PARIS (Reuters) -French President Emmanuel Macron told Australia’s prime minister that he had broken the trust between their two countries and that it was up to Canberra to repair relations with “tangible actions,” the Elysee said on Thursday.
France has accused its allies of stabbing it in the back when Australia opted for nuclear-powered submarines to be built with U.S. and British technology instead of a multi-billion- dollar French submarine programme. While France has sought to mend fences with Washington, with Macron meeting U.S. President Joe Biden on Friday in Rome, it had frozen its contacts with Australia.

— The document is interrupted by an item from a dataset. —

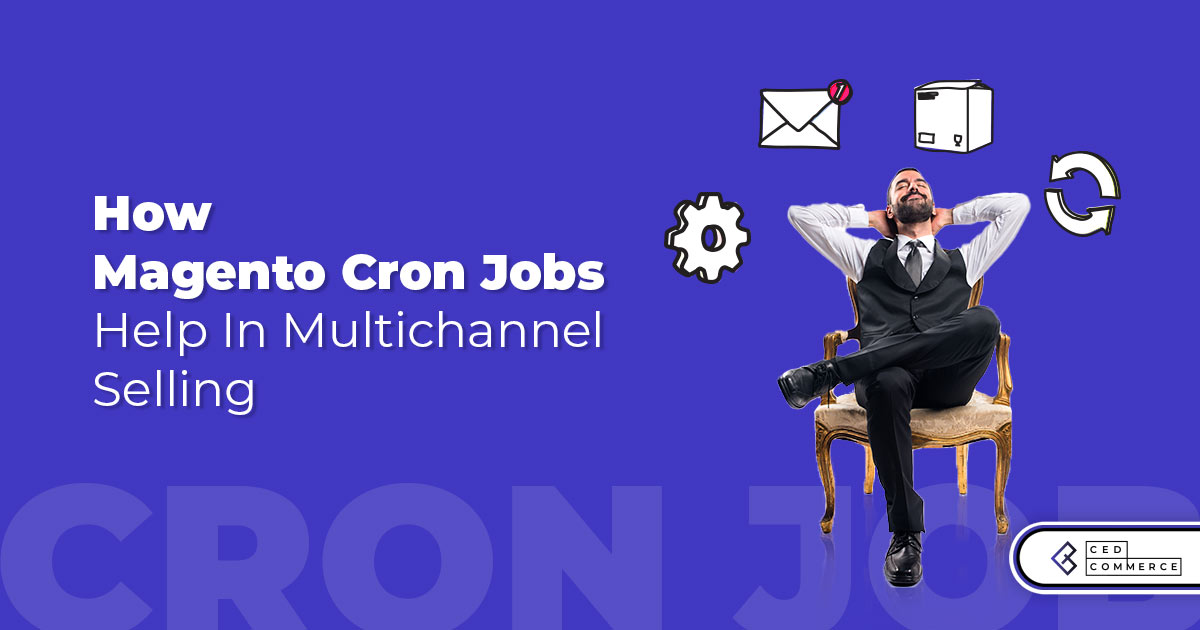 What are Cron Job in Magento | How it Helps in Multichannel Selling?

“Australia’s unilateral decision to scale back the French-Australian strategic partnership by putting an end to the ocean-class submarine programme in favour of another as-yet unspecified project broke the relationship of trust between our two countries,” Macron told Prime Minister Scott Morrison, according to the Elysee.
The call between Macron and Morrison, who will both attend a G-20 summit in Rome later this week, is the first time the two leaders have spoken since France was informed by letter that Canberra was scrapping the 2016 submarine deal. “It is now up to the Australian Government to propose tangible actions that embody the political will of Australia’s highest authorities to redefine the basis of our bilateral relationship and continue joint action in the Indo-Pacific,” the Elysee said.
In the call on Thursday, which came ahead of a U.N. climate change summit next week, Macron also urged Morrison to commit to halting coal mining and the use of coal for power production. Australia, long under fire as one of world’s top producers of coal and gas, has pledged to target net zero carbon emissions by 2050 but will not legislate the goal, and instead, relies on consumers and companies to drive emission reductions.